Babam bu yıl 80 yaşında ve hala doktor, doktor olarak çalışıyor. Onun pratiği büyük ölçüde daha eskidir ve uzmanlığı onları sadece canlı tutmakla kalmayıp aynı zamanda canlı ve çekiştirmektir. Tiroidin dikkatle izlenmesi, folik asit seviyelerini yüksek tutarak ve kolesterolü belirli bir şekilde izleyerek yaşlanmanın yavaşlayabileceğine inanıyor. Tüm bunlar her durumda iyi bir tavsiye, ama ben her zaman hastalarına çarpıyorum ve adamım, bu insanlar titriyor. Bekleme odası Cocoon'daki havuz manzarası gibidir. Bu insanlar hala lise toplantılarına gidiyorlar. Hayatın garip yeni çemberi.

Aslında yaşlanmayı önemsemiyorum. Yaşlanmanın en iyi yanı, tanıdığınız herkesin sizinle birlikte yaşlanmasıdır. Geçen hafta çevrimiçi olarak kontrol ettim ve James Gandolfini, Leif Garrett, Michael J. Fox, Henry Rollins ve ben aynı yıl 1961'de doğdum ve evet, bu kafamda nerede hissettiğimle ilgili - dürüst ve dürüst hissediyorum. Nick Lachey'in 1961'de doğduğunu keşfetirsem gerçekten korkmuş olurdum.
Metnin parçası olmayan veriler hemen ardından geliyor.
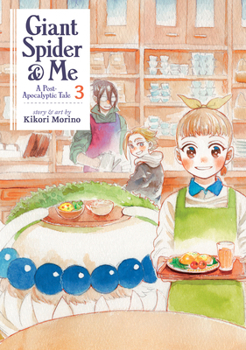 Paperback Giant Spider & Me: A Post-Apocalyptic Tale Vol. 3 Book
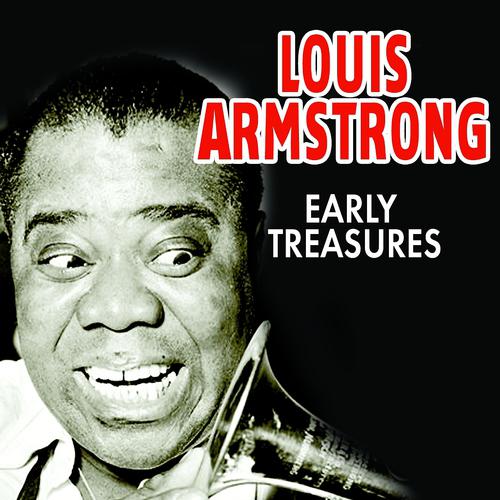 Постер альбома Louis Armstrong : Early Treasures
Kulağa bariz geliyor, ama… yaşlanıyoruz. Gençlerimiz bittiğinde unutacağımız ilk şeylerden biri ve koltuk altlarımızdaki tüyleri saymayı bıraktık. Yaşlanmayı korkutmak, sadece herkesin değişime dayanıklı hiperbarik bir odada yaşadığına dair yanlış varsayım yaparsanız, iç karartıcı veya komik veya acıklı olur.

Elbette bilmiyorlar. Hepimiz zaman makinesinin içinde kilitliyiz ve hepimiz aynı hedefe gidiyoruz. Az önce kontrol ettim: Tom Cruise 1962'de doğdu.